According to Table 1, our proposed model achieves excellent results on four datasets on both evaluation metrics except for the Simulated-5. For example, KTA exceeds DKT+ 10% more on ASSIST2015 regards to AUC. Similar situations happened to the F1 score, and our model achieves notable improvement compared with other models. Moreover, we notice that on Simulated-5 dataset, the performance of our model is not very impressive. One reason is that there is no long sequence in the dataset. Therefore, our model can not exploit the advantage of capturing the long sequence. Another reason is that all the data have the same length of questions, and every question appears only once. Thus the dependence between data is not as strong as other data.

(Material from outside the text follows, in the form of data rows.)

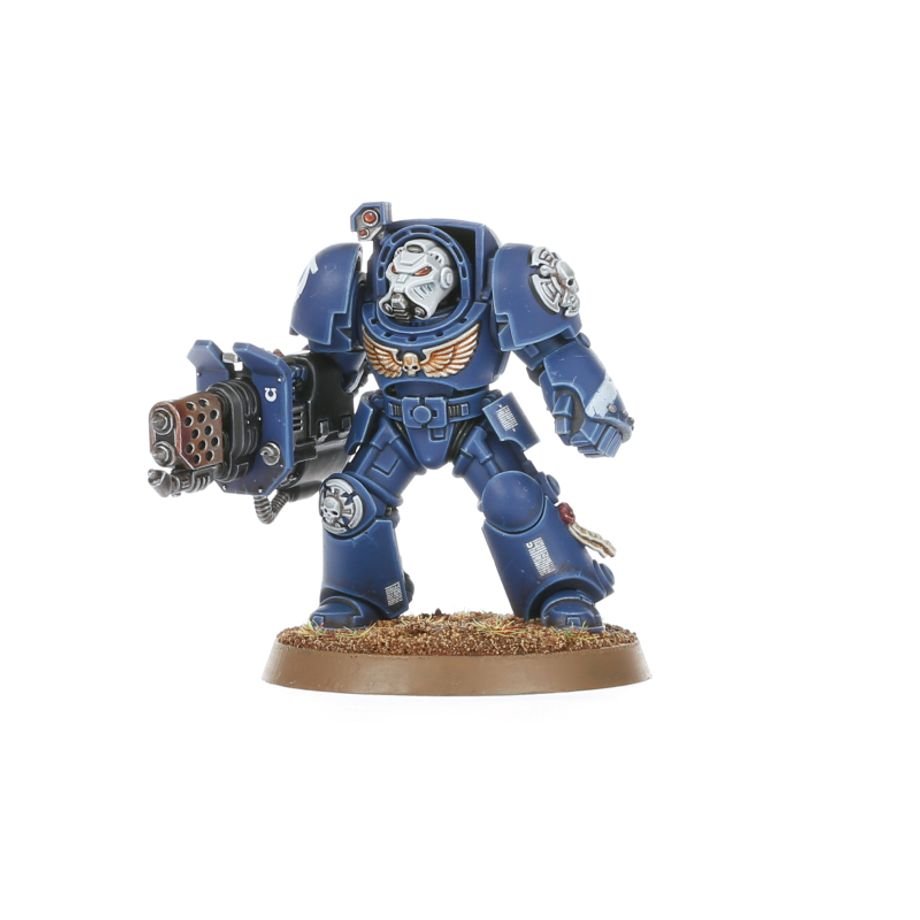 Warhammer 40K - Patrouille: Imperial Fists - MEKA NEKO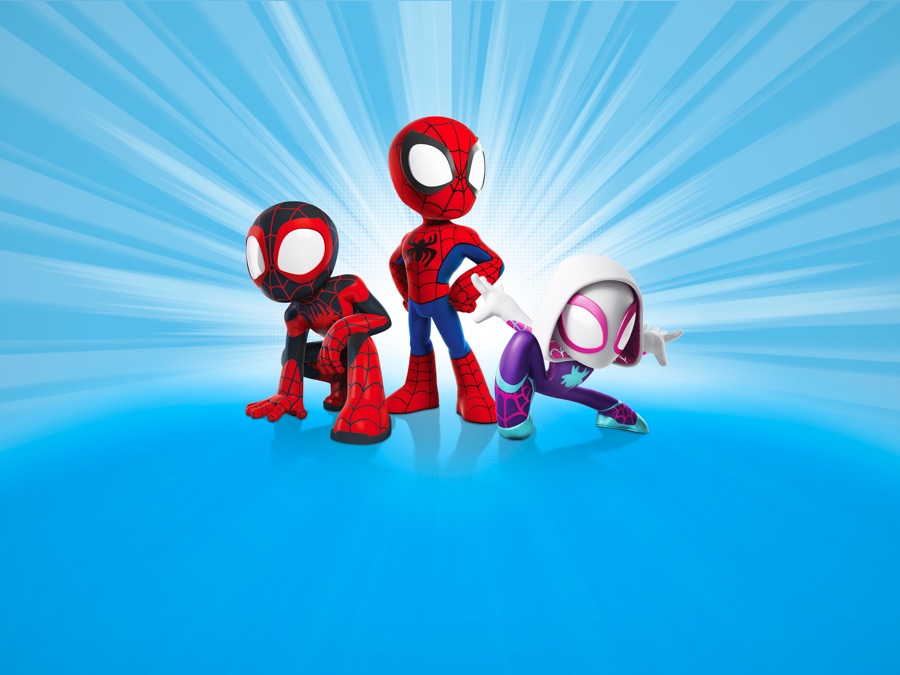 Prime Video: Spidey And His Amazing Friends - Season 2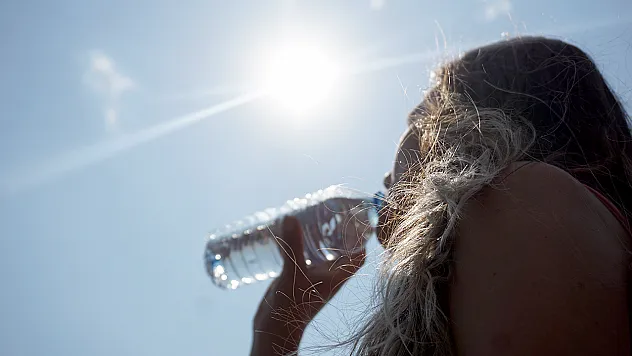 Su içmek için susamayı beklemeyin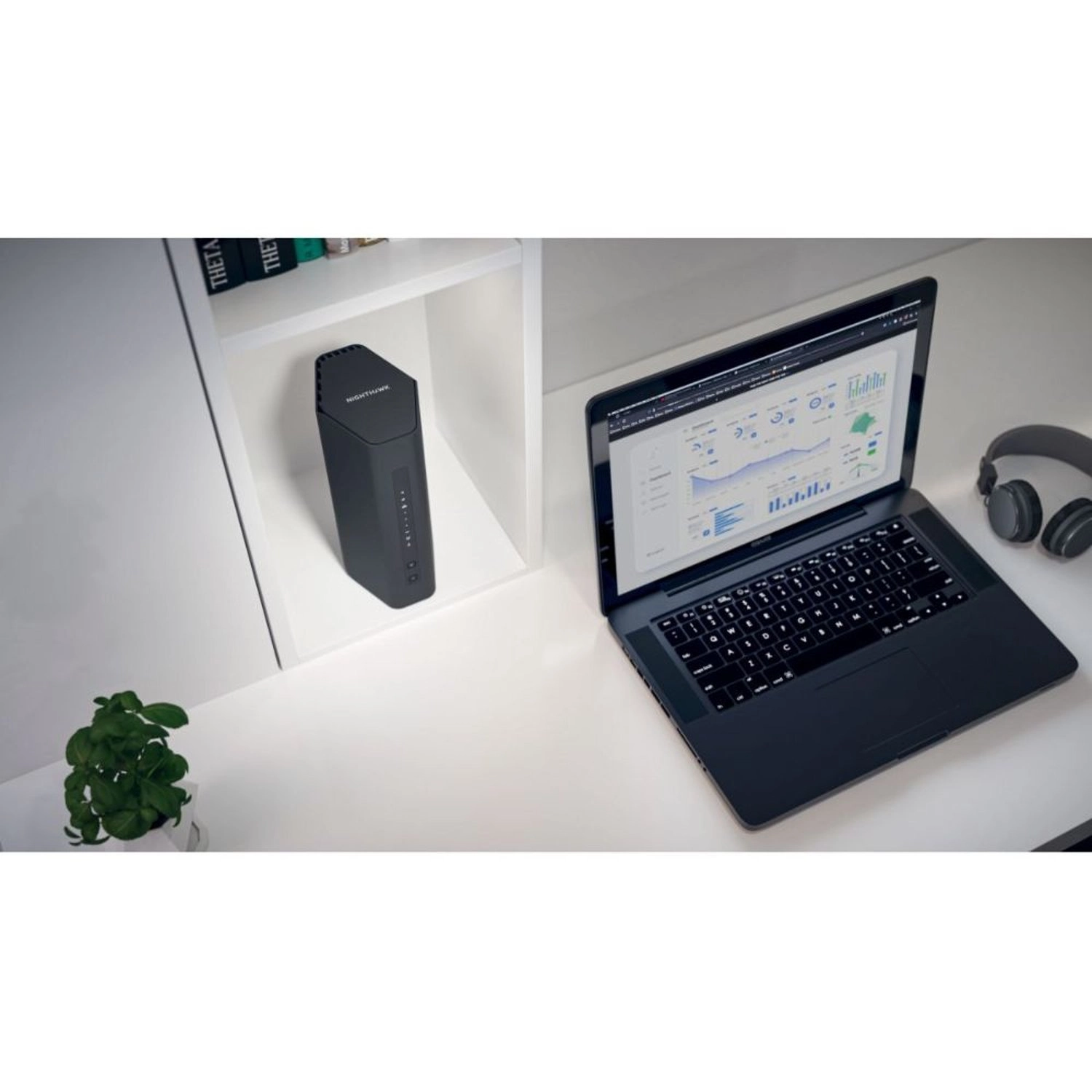 Nighthawk - 6500 Mbps WiFi 7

Prediction Visualization. We also provide prediction visualization, as shown in Fig. 3, in order to give a better sense of the self-attention effect on the prediction results. The figure aims to display the change in the prediction of skill along with the number of questions, e.g., s33. Concretely, our model performs more smoothly compared with DKT.

Fig. 3.
figure 3

Line plot for the skill 33 prediction of three models. The student interactions are extracted from ASSISTments 2009. Probability of correctly answering skill 33 is predicted by the trained models.

4 Conclusion

In this paper, we applied the FSA to interpret DKT and through the analysis of FSA, we discover that DKT can not handle the long sequence input. Therefore, we introduce a self-attention model, namely, KTA, which can directly capture the global dependency relationships by computing the similarity among each item of the input regardless of the length of the input sequence. The experimental results show that our proposed model can provide better predictions than existing models.